• [Task goal]
Only the lines from the first line of the data through the line containing "Hi, I'm Niamh, and" belong in the answer, transcribed exactly; pictures do not.

[[ Data segment, beginning ]]

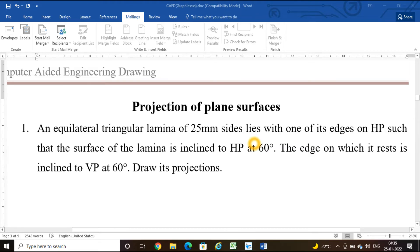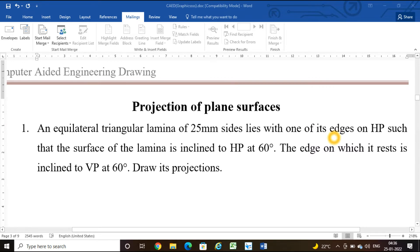Hello friends, welcome to the class on computer aided engineering drawing. In this video we are going to learn how to do drawing on the software using Solid Edge version 18. The first problem we are going to solve is projection of plane surfaces. The problem is: an equilateral triangular lamina of 25mm sides is placed with one of its edges on HP, such that the surface of the lamina is inclined to HP at 60 degrees, and the edge on which it rests is inclined to VP at 60 degrees.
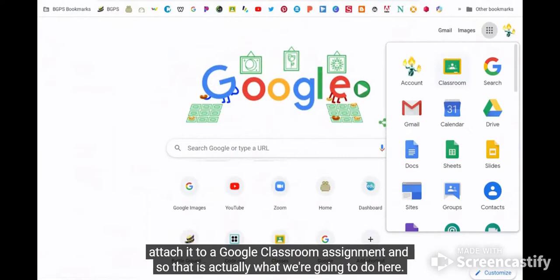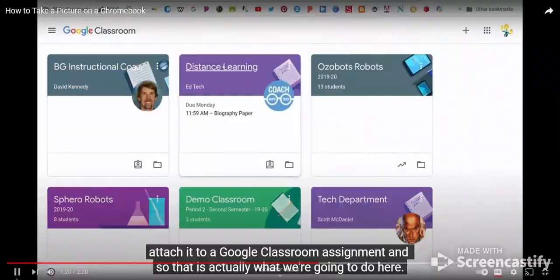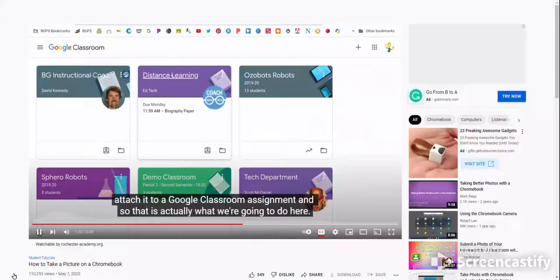That is actually what we're going to do here — go to Google Classroom, go to an assignment, and add the photo.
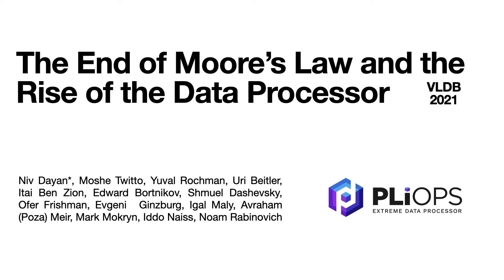Hi, I'm Niamh, and I'm a research scientist at PlyOps. Our paper is called The End of Moore's Law and the Rise of the Data Processor, and this is joint work with a list of people on the slide, as well as the entire wonderful PlyOps team.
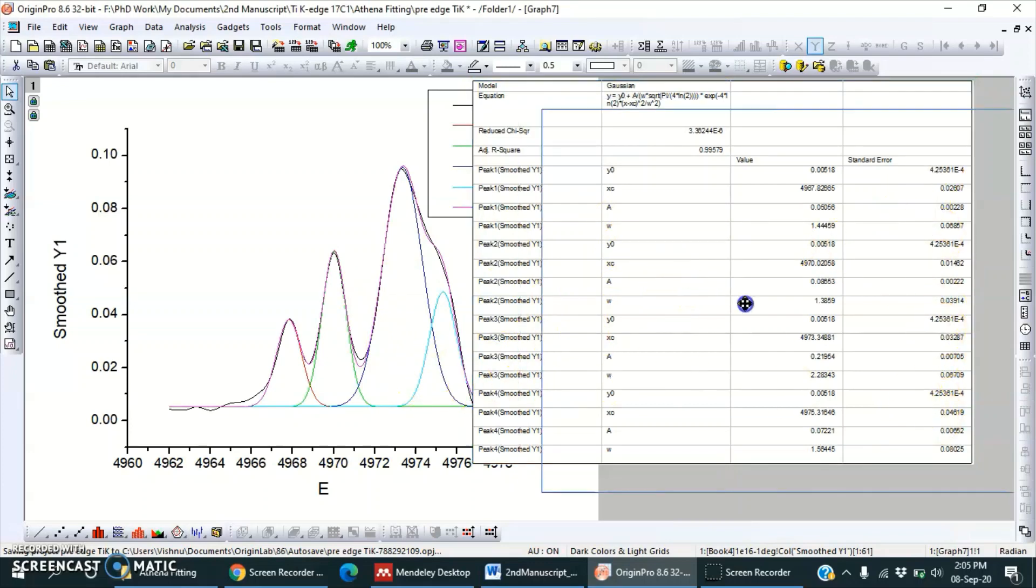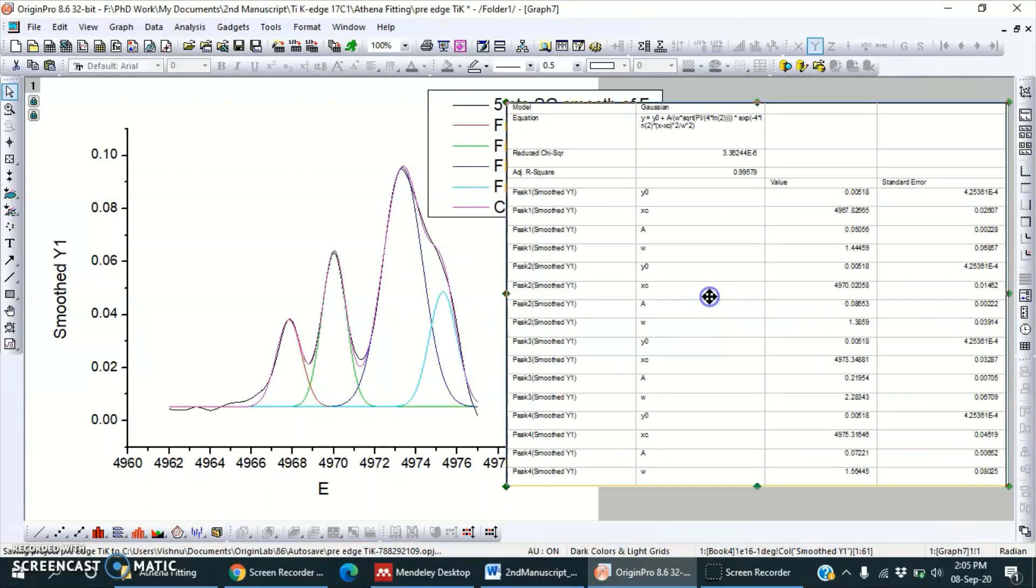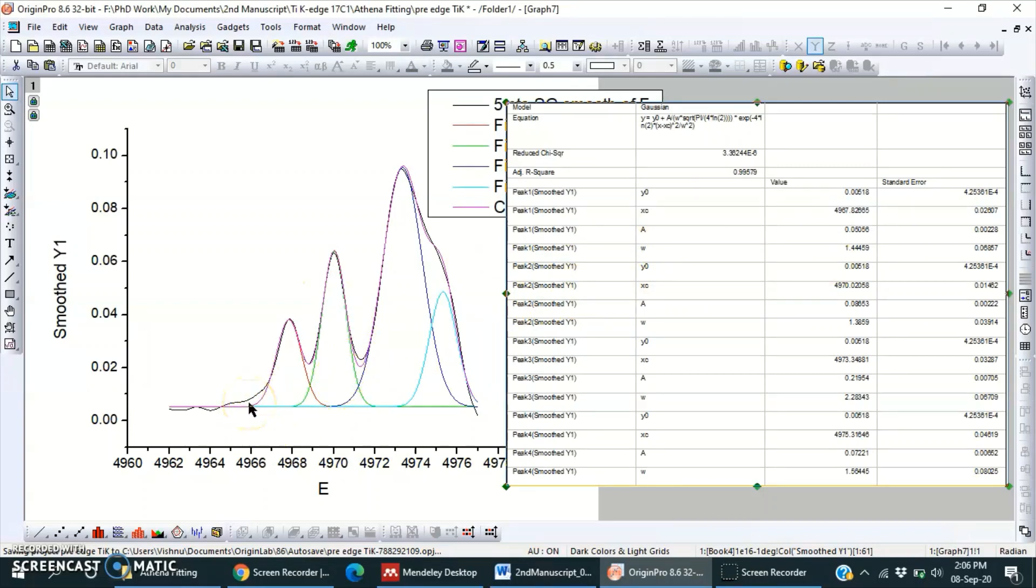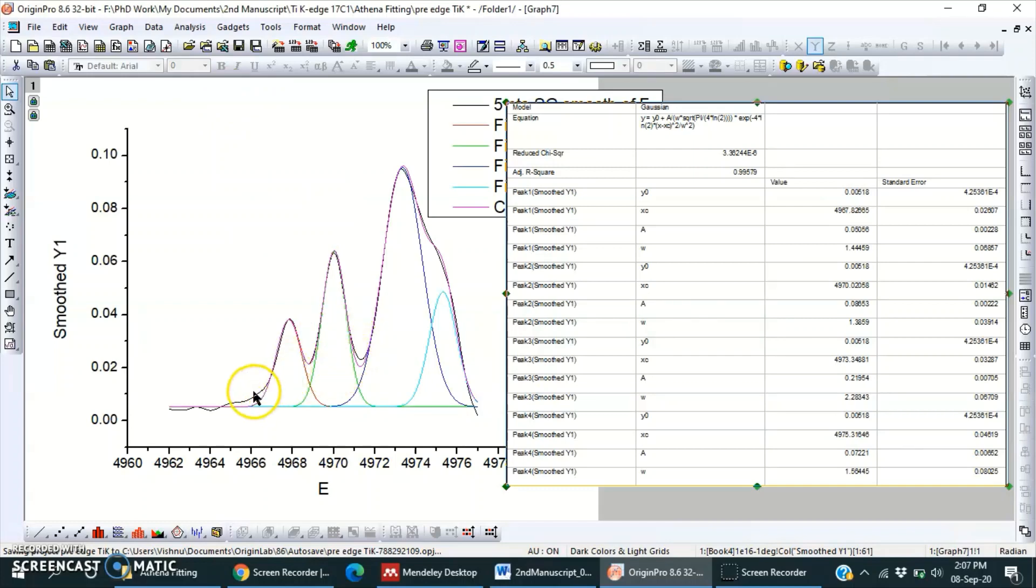We can use these parameters for comparison. And somehow I don't like this region, it is not a good fitting here. So we can choose Lorentzian functions also. As in peak fitting we have a lot of functions to choose, so Lorentzian will be good for this peak.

[[ Data segment, end ]]

• [Answer for the task]
Hello friends, welcome to the class on computer aided engineering drawing. In this video we are going to learn how to do drawing on the software using Solid Edge version 18. The first problem we are going to solve is projection of plane surfaces. The problem is: an equilateral triangular lamina of 25mm sides is placed with one of its edges on HP, such that the surface of the lamina is inclined to HP at 60 degrees, and the edge on which it rests is inclined to VP at 60 degrees.
That is actually what we're going to do here — go to Google Classroom, go to an assignment, and add the photo.
Hi, I'm Niamh, and I'm a research scientist at PlyOps. Our paper is called The End of Moore's Law and the Rise of the Data Processor, and this is joint work with a list of people on the slide, as well as the entire wonderful PlyOps team.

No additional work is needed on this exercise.